Stake sale to help almost offset PSU banks' Rs96,484 exposure to dud power projects
29 November 2014
The government expects to raise about Rs89,120 crore ($14.4 billion) by reducing its stakes in state-run banks to 52 per cent, which, according to minister of state for finance, could help nearly offset the effects of the Supreme Court's decision to scrap coal mining projects allocated to private sector entities since 1993.
This would more or less equal the likely impact of the Supreme Court order scrapping most coal mining permits given to companies would have on these public sector banks, minister of state for finance Jayant Sinha told Parliament on Friday.
State-run lenders are reported to have loan exposures in thermal power projects to the tune of Rs96,484 crore ($15.6 billion) and the scrapping of these coal mining projects would render these loans bad, Sinha pointed out.
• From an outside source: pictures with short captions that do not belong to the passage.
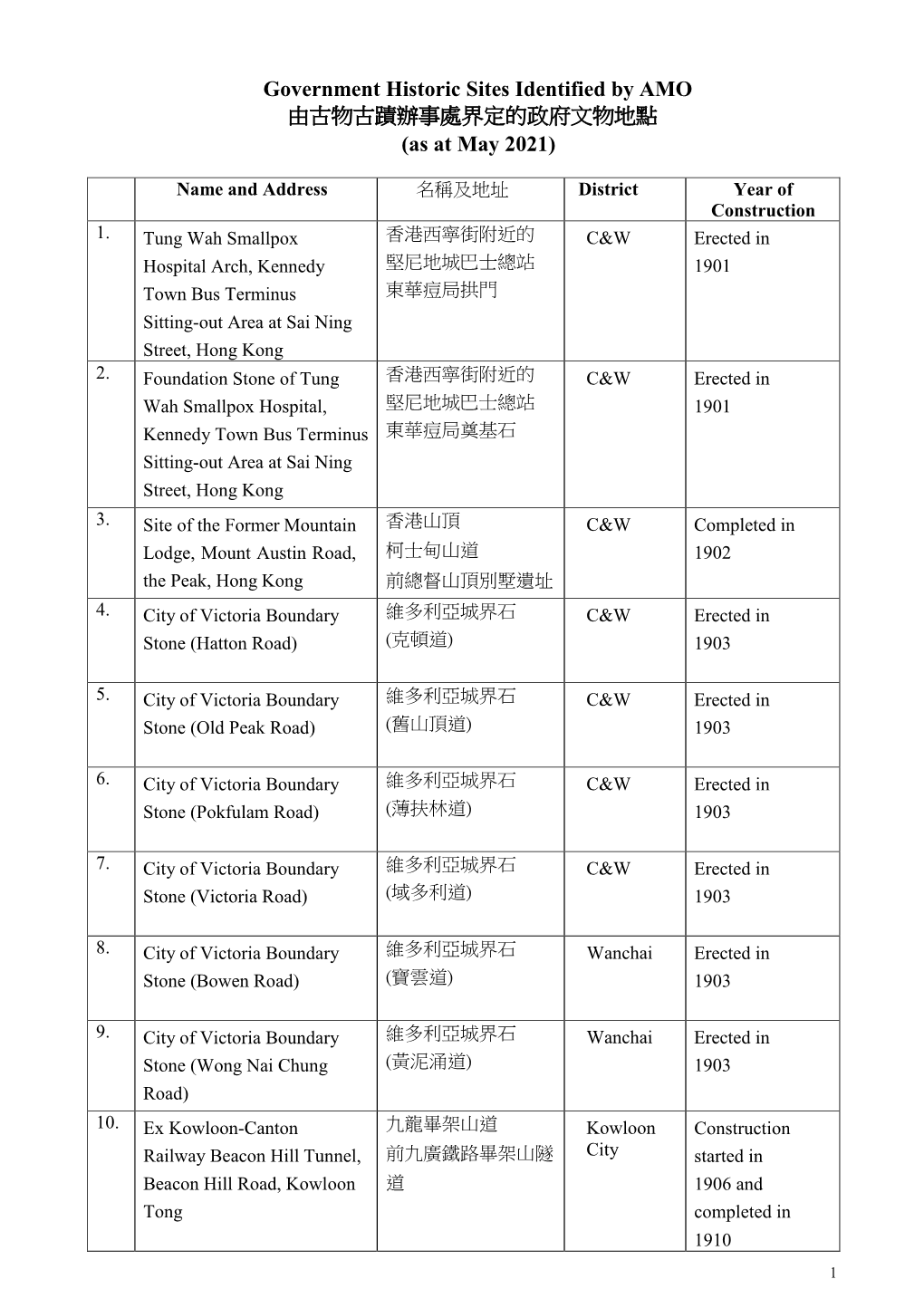 Government Historic Sites Identified by AMO 由古物古蹟辦事處界定的政府文物地點 (As at May 2021)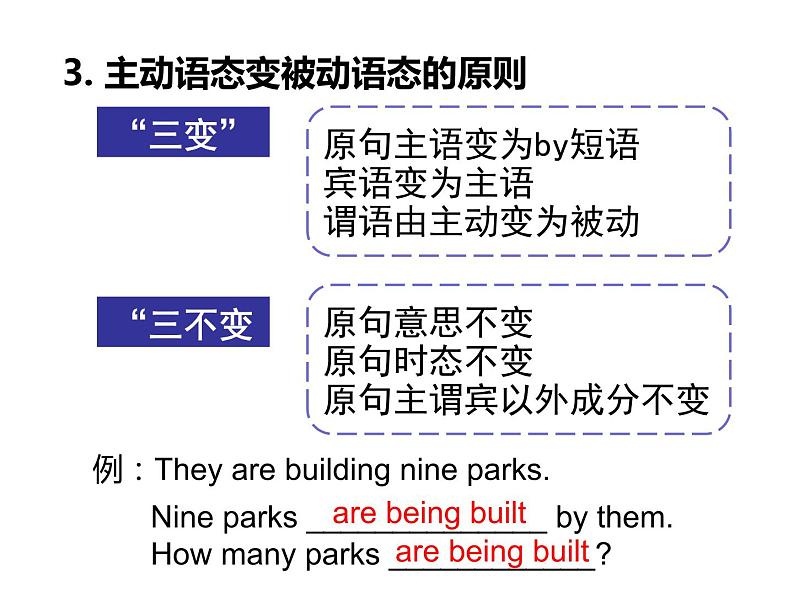 必修2英语新教材人教Unit2DiscoveringUsefulStructur_4课件PPT第8页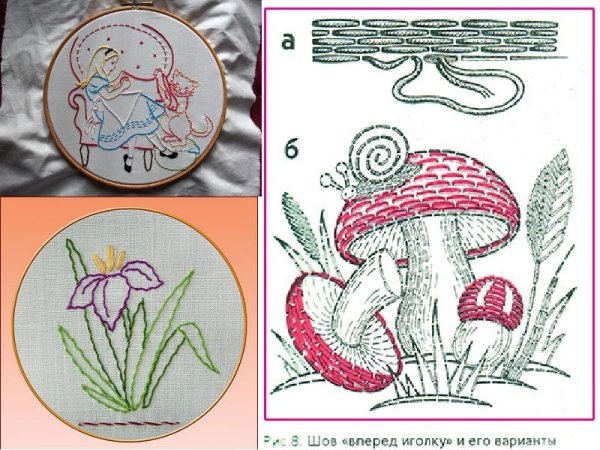 Вышивание швом вперед иголку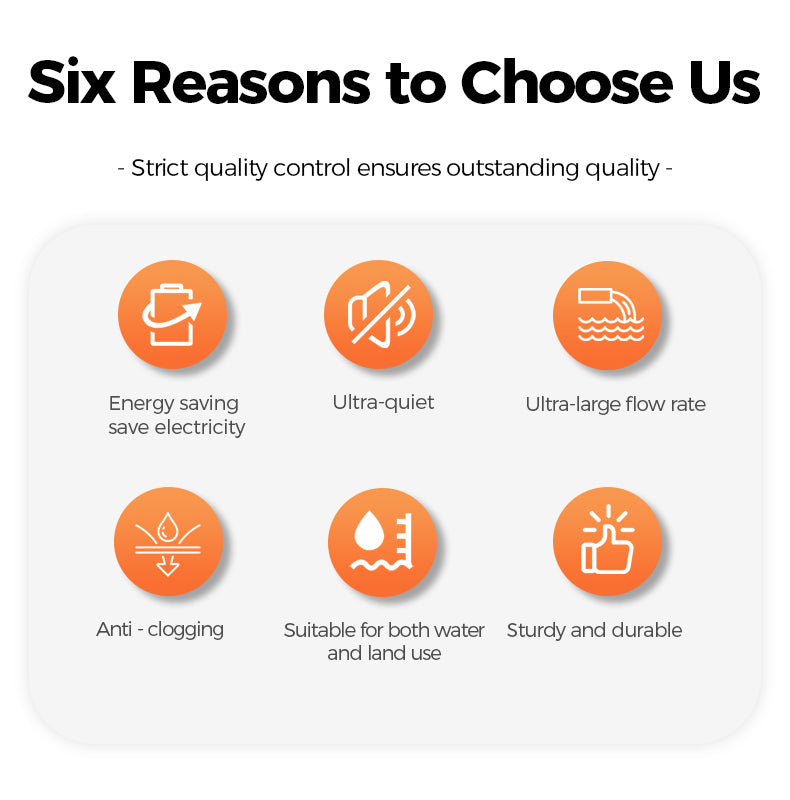 Six reasons to choose a product with icons and text on a white background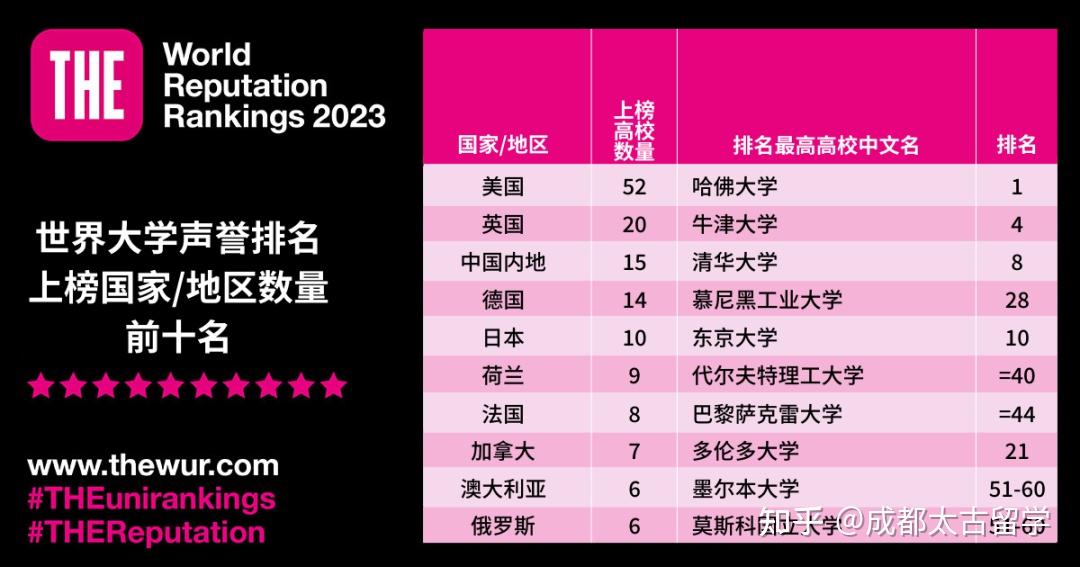 湖北二本大学排名及分数线理科_湖北二本理科录取情况_湖北二本理科院校综合排名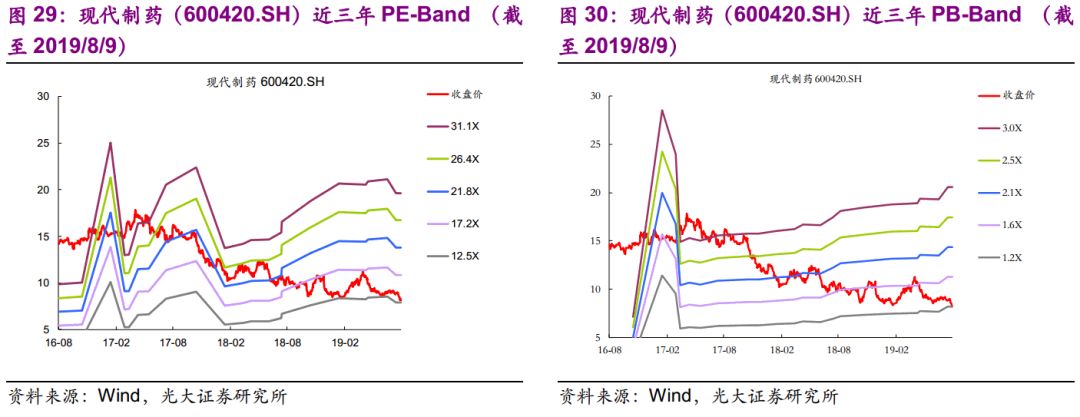 光大固收转债回落,光大固收转债打新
Non-performing assets (NPA) of public sector banks rose sharply to 5.33 per cent of total advances in September 2014 from 4.72 per cent at the end of March 2014, mainly due to sluggishness in the economy and other factors, including delay in environmental clearances.
"The main reasons for increase in NPAs of banks are sluggishness in the domestic growth during the recent past, slowdown in recovery in the global economy, uncertainty in the global markets, delay in environmental permits...," minister of state for finance Jayant Sinha said in a written reply in the Lok Sabha on Friday.
Besides, external factors like ban on mining projects, aggressive lending by banks in the past, especially during goods times, might also have caused an increase in banks' stressed assets, he added.
He further said that the cancellation of coal blocks in September 2014 and its impact on the asset quality of banks depends on the time of resolution of this issue.
He said the net NPAs of PSBs at the end of September rose to 3.14 per cent, from 2.74 per cent in March 2014.
The central government holds controlling stakes - ranging from 56 per cent to 84 per cent - in 24 major banks, which together account for over 70 per cent of the Rs100,000 crore total outstanding bank loans in India.
At the same time, the state-run lenders would require about Rs360,000 crore ($60 billion) in capital over the next four years to meet the new Basel III global regulations.
While the Indian government has funded PSU banks to the tune of about $13 billion over the past decade, it is now finding it increasingly difficult to find money for capital injections amidst rising budget deficit.
A reduction in stake "would substantially reduce the requirement of budgetary provision for infusion of capital in public sector banks," Jayant Sinha told parliament in a written statement.
The government's move helped bank shares move higher in a market that had already factored in the effects of an interest rate cut. The index of state lenders rose as much as 5.8 per cent to its highest level in more than 3-1/2 years.
Shares of State Bank of India (SBI), the country's biggest lender, rose as much as 5.3 per cent, while the Bank of Baroda stock jumped 8.3 per cent.
The union cabinet is expected to take a final decision on the issue of stake sale soon.